===== Records shown =====

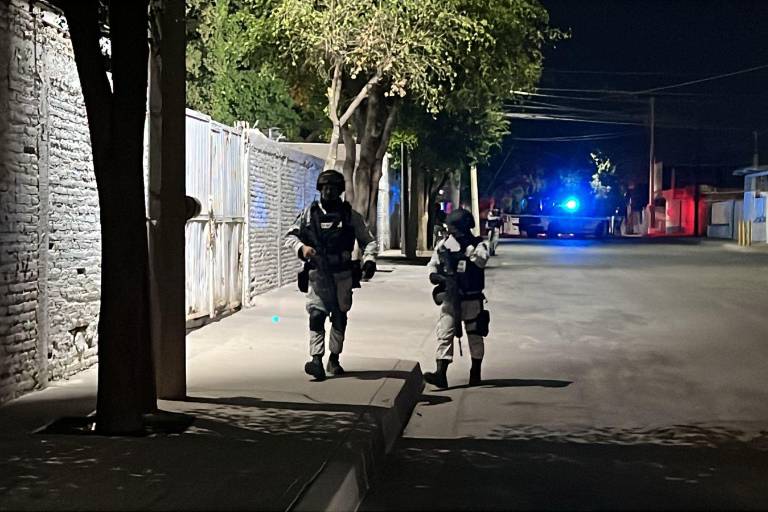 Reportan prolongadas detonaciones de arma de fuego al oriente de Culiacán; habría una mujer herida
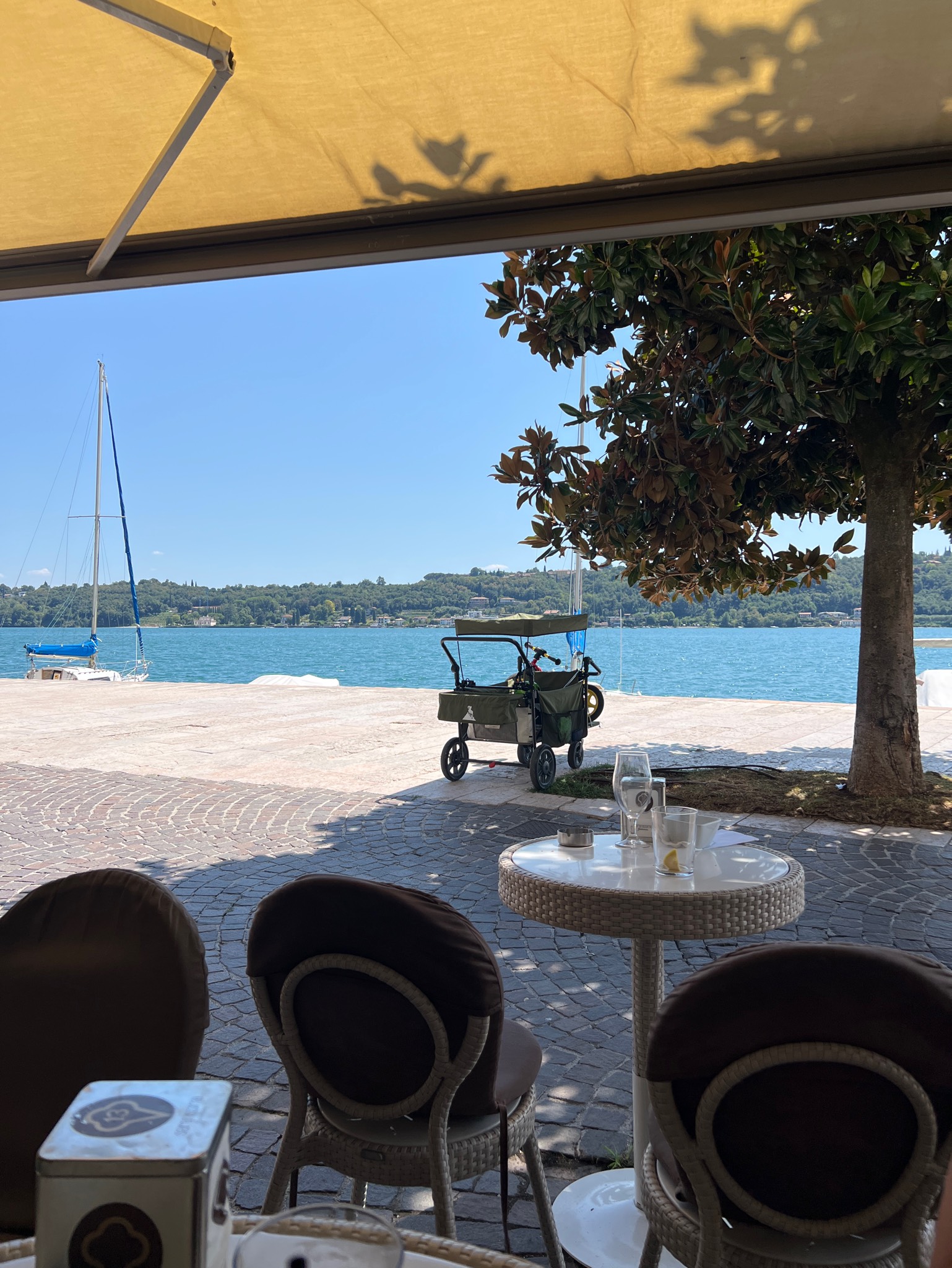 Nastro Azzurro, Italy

=====
===== Records shown =====

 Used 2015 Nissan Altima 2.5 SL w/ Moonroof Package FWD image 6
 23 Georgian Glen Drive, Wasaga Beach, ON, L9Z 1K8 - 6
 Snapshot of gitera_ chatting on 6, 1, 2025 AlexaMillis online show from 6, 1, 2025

=====

| Exercise brief |
Could you restate, word for word, the lines above from the one with "Used 2015 Nissan" to the one with "Snapshot of gitera_", both included?

| Exercise solution |
 Used 2015 Nissan Altima 2.5 SL w/ Moonroof Package FWD image 6
 23 Georgian Glen Drive, Wasaga Beach, ON, L9Z 1K8 - 6
 Snapshot of gitera_ chatting on 6, 1, 2025 AlexaMillis online show from 6, 1, 2025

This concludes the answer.